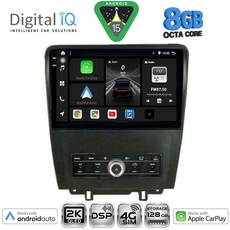 DIGITAL IQ BXF 11165_CPAA (9inc) MULTIMEDIA TABLET for FORD MUSTANG mod. 2010-2015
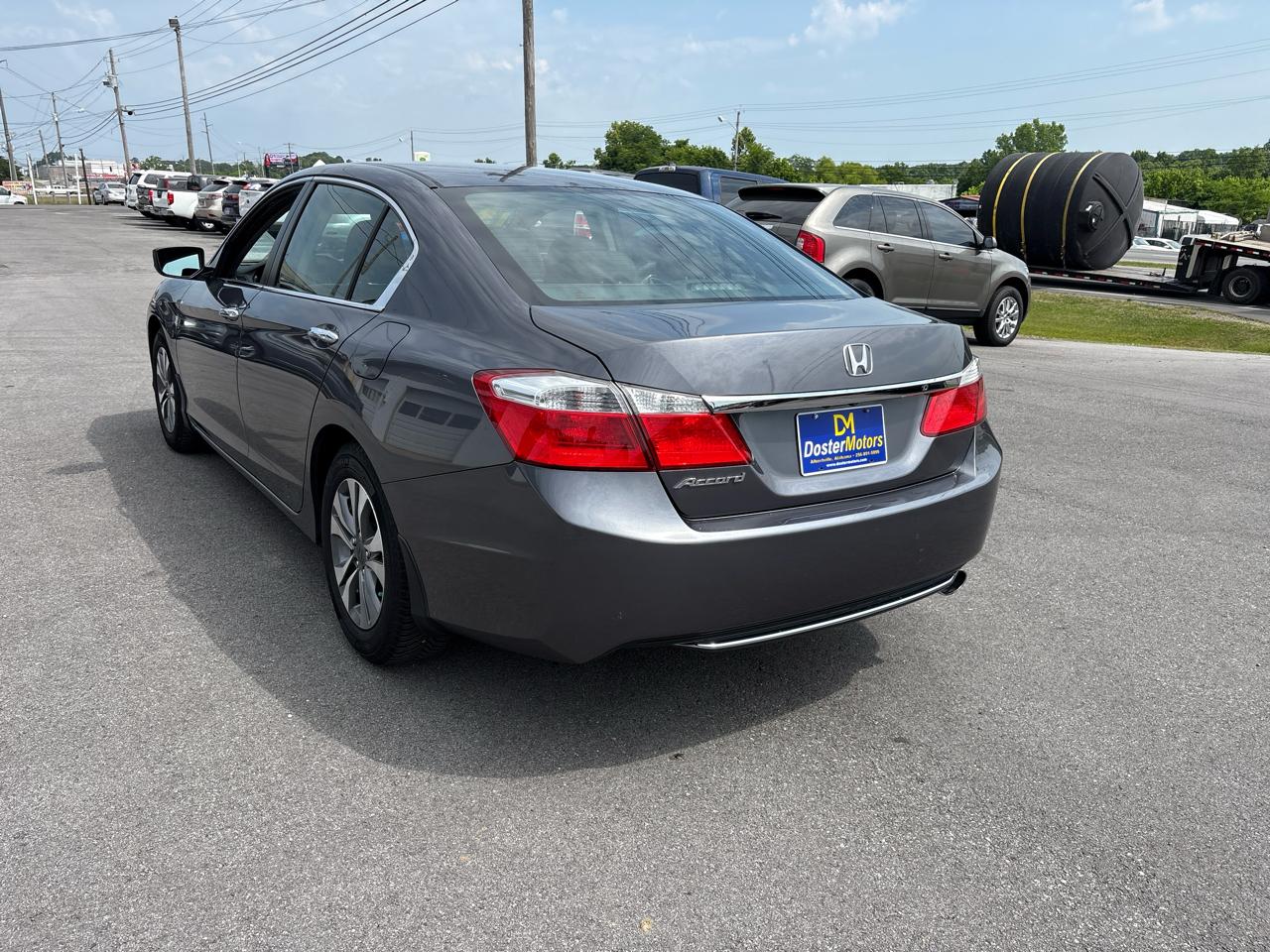 Honda Accord LX Sedan 6-Spd MT 2013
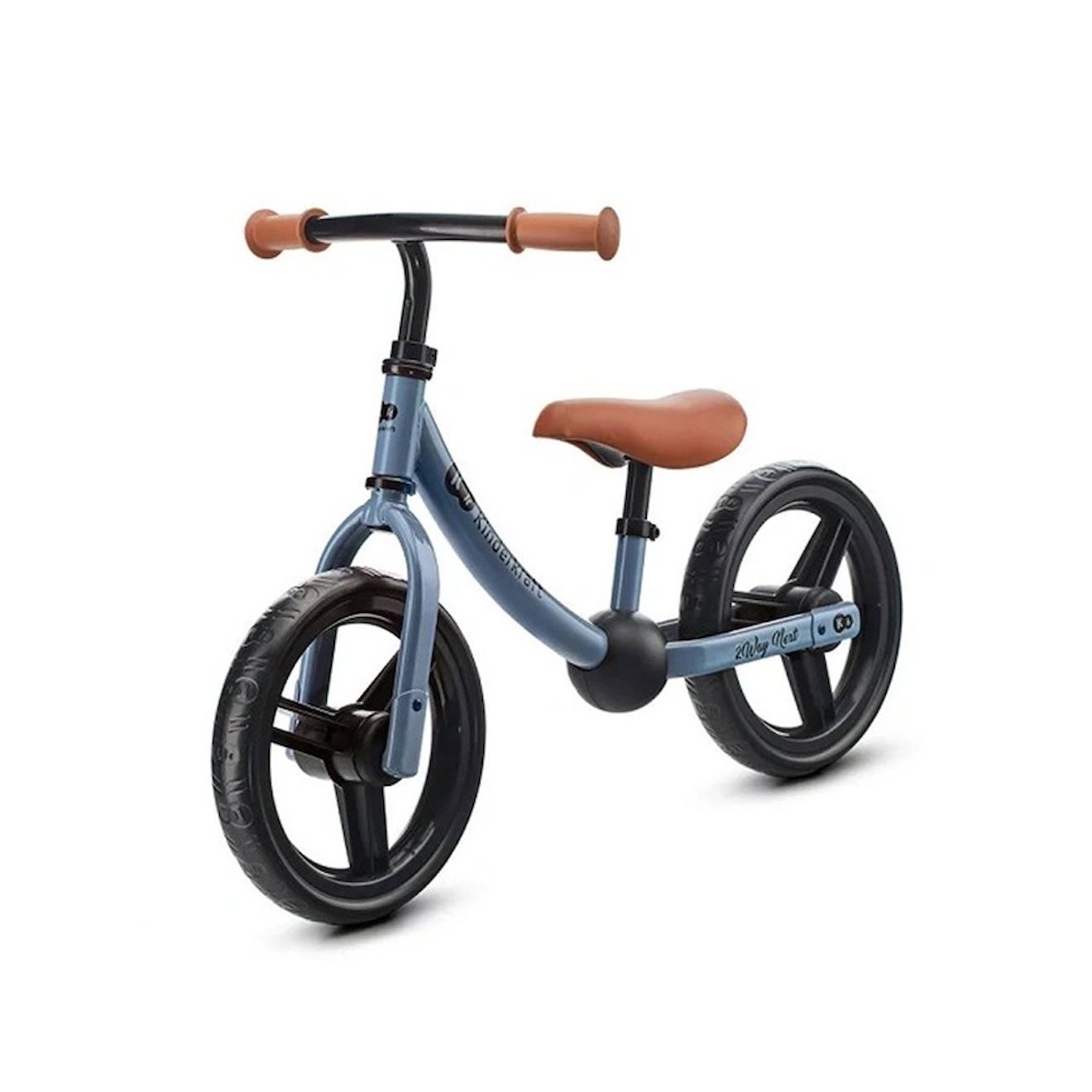 Draisienne enfant sans pédale dès 3 ans – guidon et selle réglables – modèle 2way next bleu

• **Task description**: Only the lines from the one with "Honda Accord LX Sedan 6-Spd MT 2013" to the end of the listing, both ends included, should be retyped exactly; no pictures belong in the copy.

• **Task response**:
 Honda Accord LX Sedan 6-Spd MT 2013
 Draisienne enfant sans pédale dès 3 ans – guidon et selle réglables – modèle 2way next bleu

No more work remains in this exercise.